" "

Jennifer Middleton

Senior Director of Research

Dr. Middleton is an Associate Professor in the Kent School of Social Work at the UofL and Director of the UofL Human Trafficking Research Initiative. Dr. Jennifer Middleton’s research, teaching, and service activities all focus on partnering with communities to develop trauma-informed approaches to working with children and families impacted by trauma, sub-stance abuse, and other adverse childhood experiences. In addition, her collaborative efforts aim to address the cumulative impact of working with traumatized populations on the professionals and organizations who serve them. Dr. Middleton leads multiple federally-funded, interdisciplinary research projects examining the impact of trauma-informed organizational change interventions within systems of care that serve sex trafficked populations and address community violence within refugee, Tribal, urban, and rural community contexts. She recently completed a five-year $3.9M federal grant project that created a trauma-informed system of care for children directly impacted by the opioid epidemic.

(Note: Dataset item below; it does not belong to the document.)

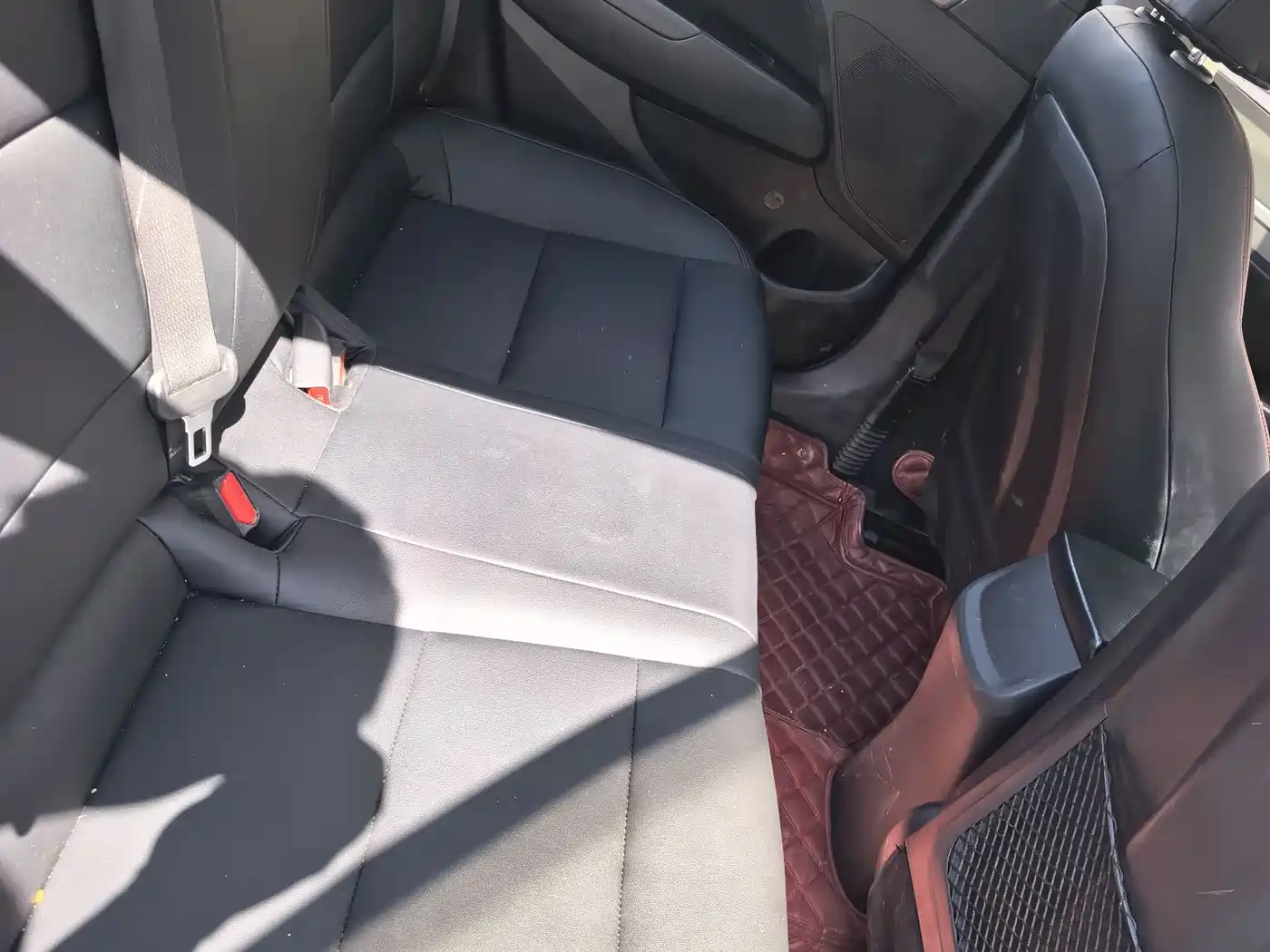 Hyundai Elantra 2016 Model 1.6L Automatic Smart Elite фото 7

Dr. Middleton is currently the Director of Implementation for a new five-year $5M SAMHSA grant aimed at addressing community violence, trauma, and inequities in west and south Louisville. Dr. Middleton is also the Principal Investigator of two recently funded research projects which aim to address child sex trafficking: 1) Project STAAR: Survivors of Trafficking Creating Art, Advocacy, and Resilience, a qualitative study that utilizes photovoice methods to explore the lived experiences of child sex trafficking survivors, and 2) Project PIVOT: Prevention and Intervention of Victims of Trafficking, a comprehensive case review of all reported child sex trafficking cases over a 5-year period in Kentucky. Middleton is an active member of numerous local, state, national, and international human trafficking initiatives and is fully trained in the Sanctuary Model. During her forensic social work career, Dr. Middleton interviewed and provided services to over 4,000 sexually exploited and trafficked children and youth.